Your job is to report every line of the entries that has "proceso".

- INFORMATION -
BEGIN

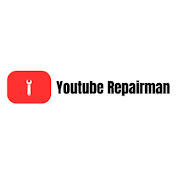 The YouTube Repairman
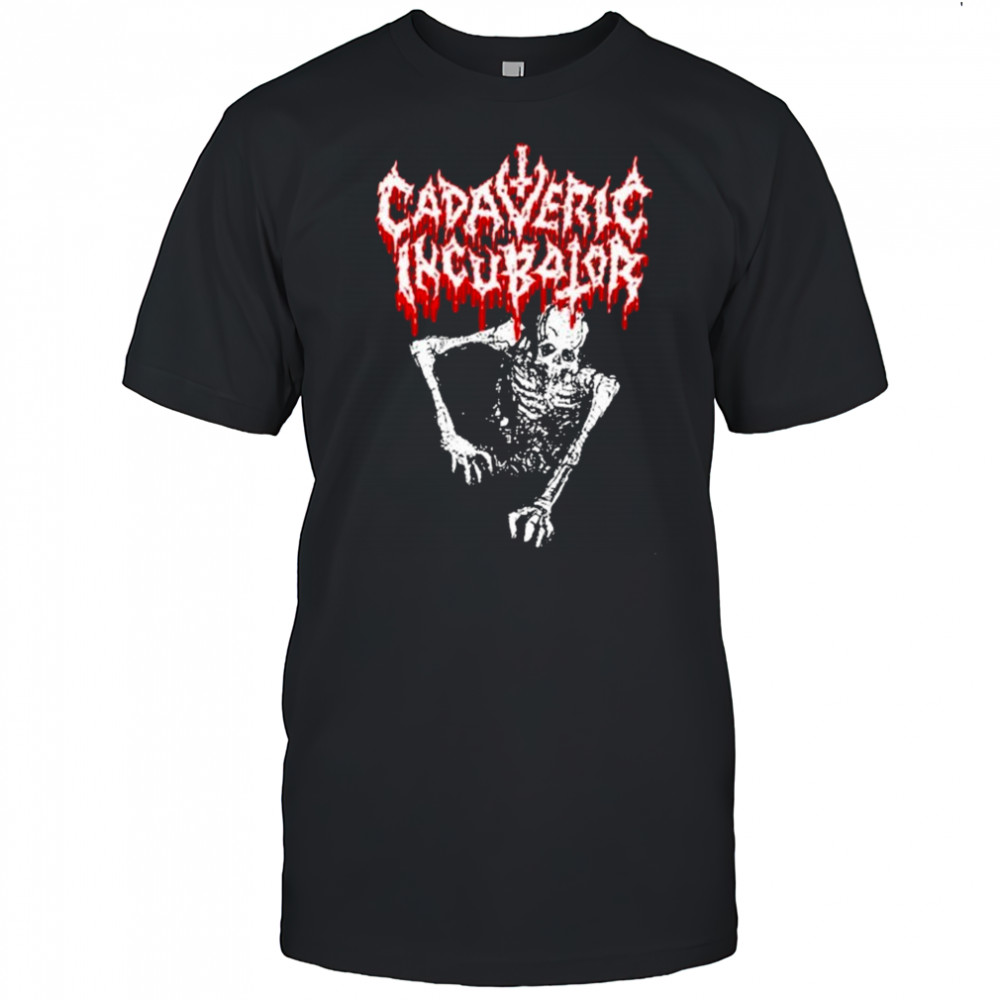 Cadaveric Incubator Corpse T-shirt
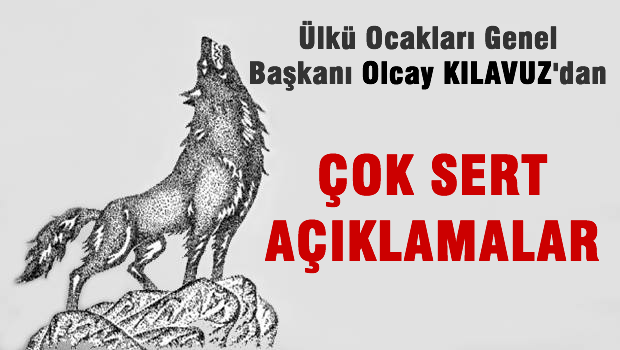 Ülkü Ocakları Genel Başkanı Olcay Kılavuz'dan sert açıklamalar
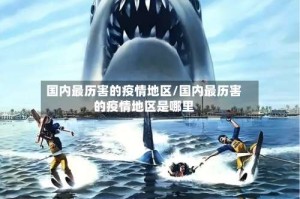国内最历害的疫情地区/国内最历害的疫情地区是哪里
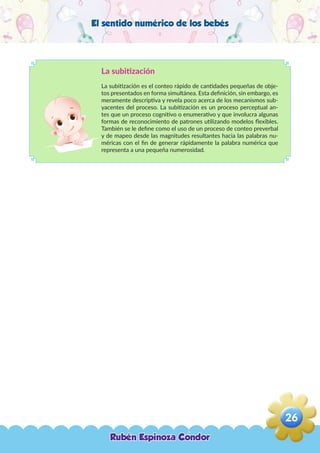 El sentido numérico de los bebés
La subitización
La subitización es el conteo rápido de cantidades pequeñas de obje-
tos presentados en forma simultánea. Esta definición, sin embargo, es
meramente descriptiva y revela poco acerca de los mecanismos sub-
yacentes del proceso. La subitización es un proceso perceptual an-
tes que un proceso cognitivo o enumerativo y que involucra algunas
formas de reconocimiento de patrones utilizando modelos flexibles.
También se le define como el uso de un proceso de conteo preverbal
y de mapeo desde las magnitudes resultantes hacia las palabras nu-
méricas con el fin de generar rápidamente la palabra numérica que
representa a una pequeña numerosidad.
Rubén Espinoza Condor
26
,
 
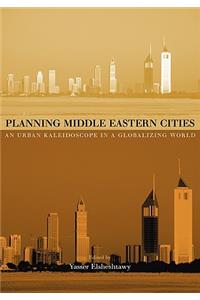 Planning Middle Eastern Cities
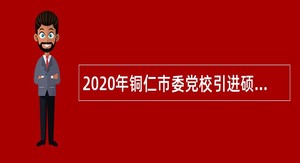 2020年铜仁市委党校引进硕士研究生公告（贵州）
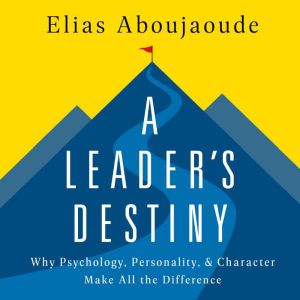 A Leaders Destiny, Elias Aboujaoude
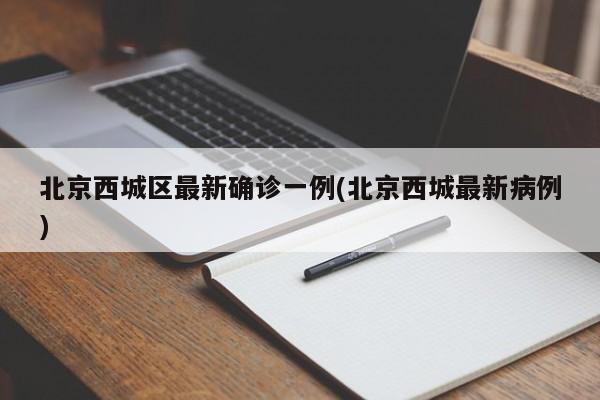 北京西城区最新确诊一例(北京西城最新病例)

END

- ANSWER SECTION -
yacentes del proceso. La subitización es un proceso perceptual an-
tes que un proceso cognitivo o enumerativo y que involucra algunas
También se le define como el uso de un proceso de conteo preverbal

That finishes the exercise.